To view another work in the exhibition, Wet and Wavy Looks—Typhon coming on for a Three Monitor Workstation (2016), a gallery goer could sit upon a rowing machine filled with resistant hair gel while watching a video of digitally-rendered ocean waves. Wet and Wavy Looks was inspired by J.M.W. Turner’s painting The Slave Ship (Slavers Throwing overboard the Dead and Dying—Typhoon coming on) (1840), which portrays the African slaves who drowned in the 1781 Zong massacre after the ship’s captain determined that their lives were worth less than the insurance money he would earn from the wreckage. But whereas Turner depicts the shipwreck from a wide angle and seemingly omnipotent perspective, Perry’s video, by depicting only the waves that would have crashed against the shipwrecked bodies, asks the viewer to imagine the massacre from the point-of-view of an individual slave—and in turn challenges the slave trade system that reduced Black bodies to products and mere vehicles for profit.

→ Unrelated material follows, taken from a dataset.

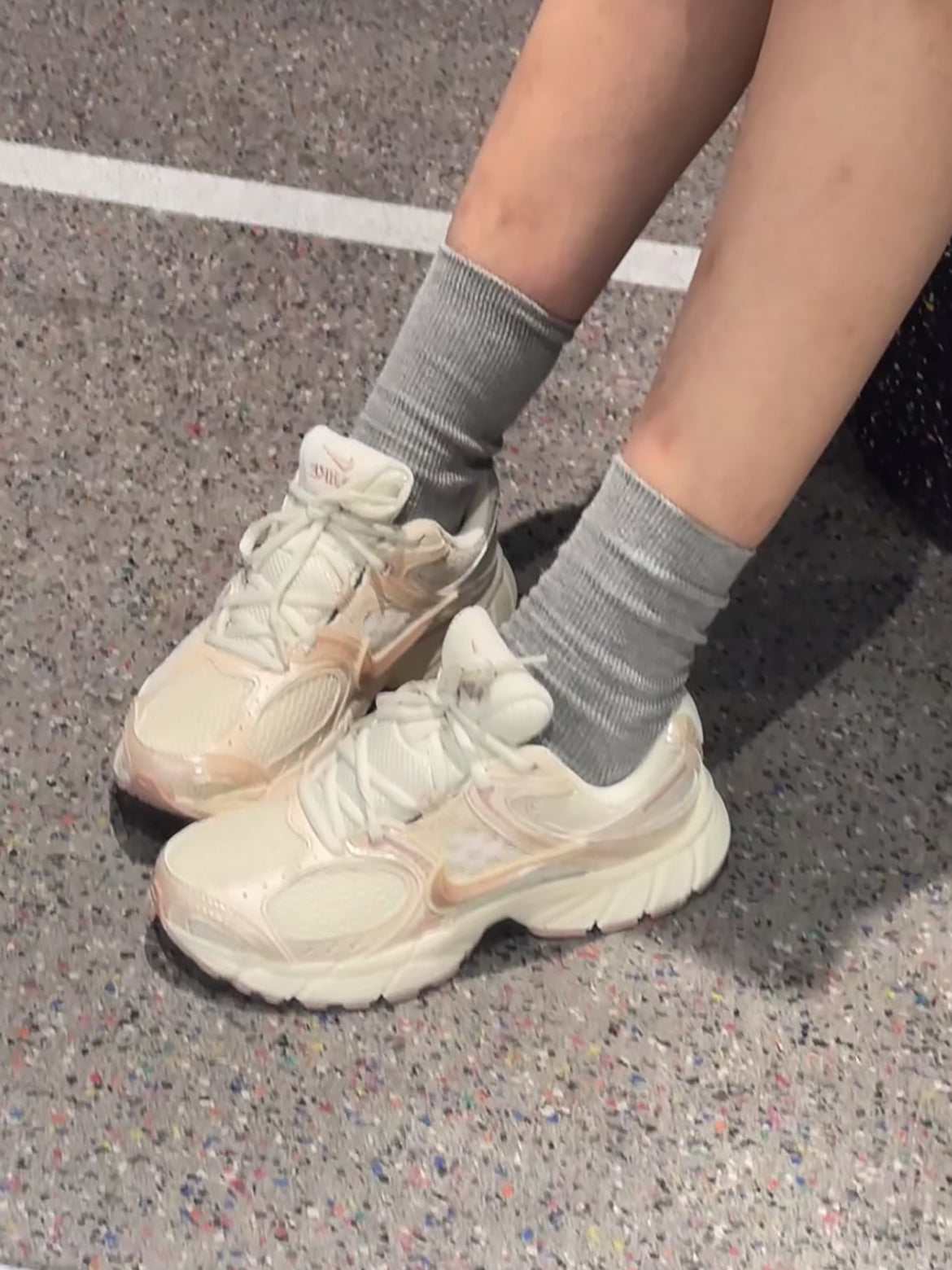 NIKE V5 RNR | MILKTEA PINK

THOUGH TURNER’S SLAVE SHIP depicts a moment of violent upheaval along the Middle Passage, its action is arrested in painted tableau—the bodies are frozen, the waves static. By contrast, Perry’s video, with its rowing machine and rippling waves, conjures a situation in which its shipwrecked slaves might still be able to move. This movement, of course, requires significant labor. But it is through movement that, Perry implies, Black Americans have been able to combat the malevolent forms of cultural erasure, denigration, and appropriation that have occurred throughout the nation’s history.

Discussing the relationship between Blackness and technology, Perry told Tamar-Clarke Brown in a 2018 interview, “our coming over here was related to our object associations. We were machinery. We were chattel. We were production spaces. But we were also doing a bunch of other types of production: cultural production and spiritual production.” The video works in Resident Evil acknowledge the various spaces—the police station holding cell, the slave trade cargo ship—where Black bodies have been turned into objects, into chattel. But they also extoll the diverse ways that Black artists, as cultural producers, have used the technologies available to them to upend white value systems. In the 1950s, this could take the form of Eartha Kitt clawing knowingly at the camera lens while cheekily singing “I Want To Be Evil.” In the twenty-first century, this movement predominantly takes place online.

Echoing artist and curator Aria Dean, whose essay “Poor Meme, Rich Meme” is included in a zine that a Roomba carried throughout the gallery during the Resident Evil exhibition, Perry has argued that memes—though often generated by Black creators and appropriated by white users—can serve as a particular tool of resistance. Memes, by their very nature, can always be augmented, can always circulate in new ways. Birnbaum and Bender, too, saw political potential in such forward-looking slipperiness. Bender, for instance, stole the title Total Recall from a magazine listing of movies that had not yet been released. And Birnbaum’s Technology/Transformation, though highly critical of Wonder Woman’s commodification, still avowed the character’s ability to transform—to spin off screen and slip through the fingers of the men who attempted to hold her.